- [What is expected]: Below are the records; retype them exactly and omit each picture.

- [Excerpted records]:
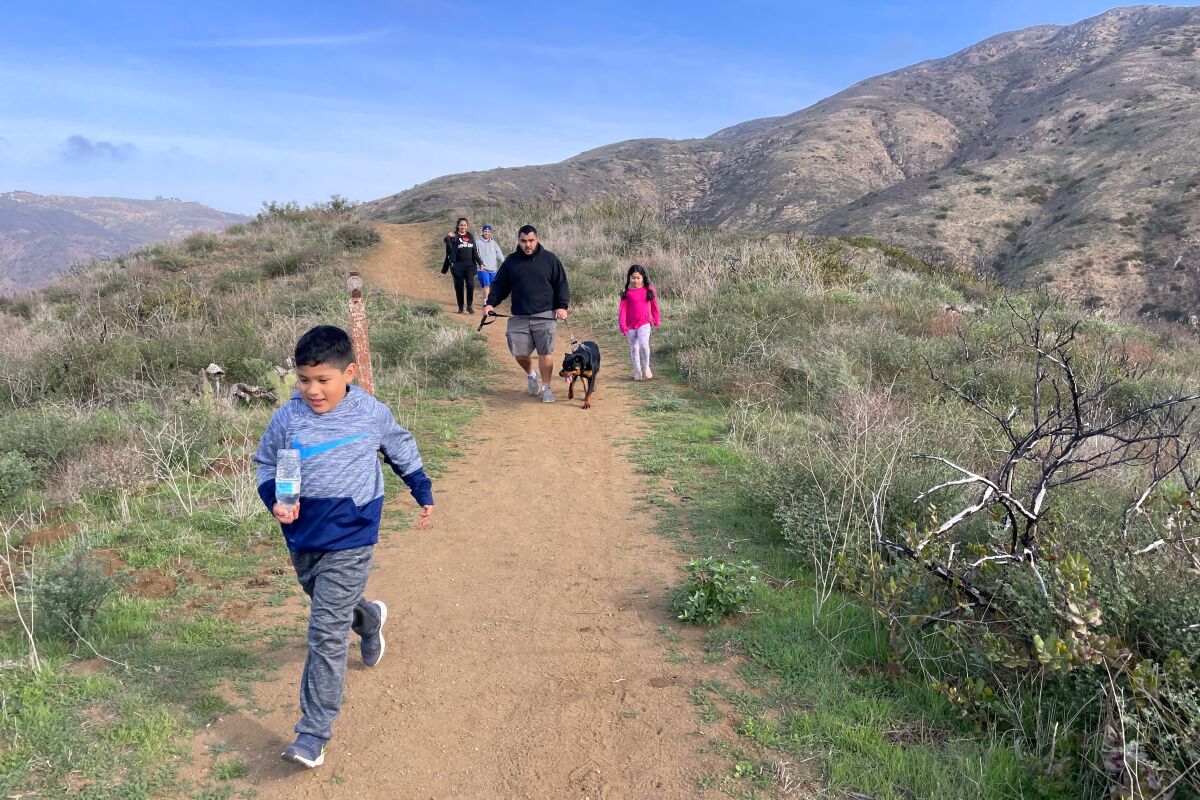 A boy runs in front of his family and their dog on the Nicholas Flat trail.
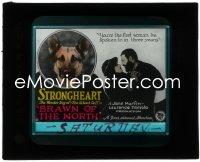 2p1732 BRAWN OF THE NORTH glass slide 1922 Strongheart The Wonder Dog of The Silent Call!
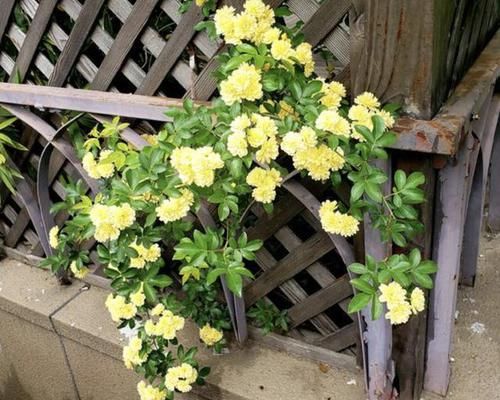  「庭院」庭院再小，也要养1棵“木香花”，1年长成一片，开花多，邻居说美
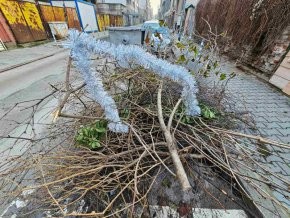 Елхите на Терзиев – граждански бунт завладя столицата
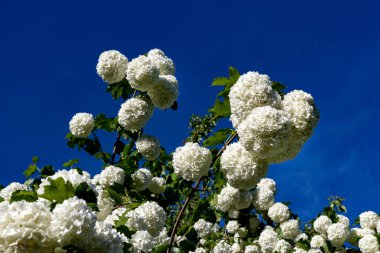 Asma üzerinde viburnum güzel çiçek. Beyaz çiçekli toplar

- [Output of the exercise]:
 A boy runs in front of his family and their dog on the Nicholas Flat trail.
 2p1732 BRAWN OF THE NORTH glass slide 1922 Strongheart The Wonder Dog of The Silent Call!
  「庭院」庭院再小，也要养1棵“木香花”，1年长成一片，开花多，邻居说美
 Елхите на Терзиев – граждански бунт завладя столицата
 Asma üzerinde viburnum güzel çiçek. Beyaz çiçekli toplar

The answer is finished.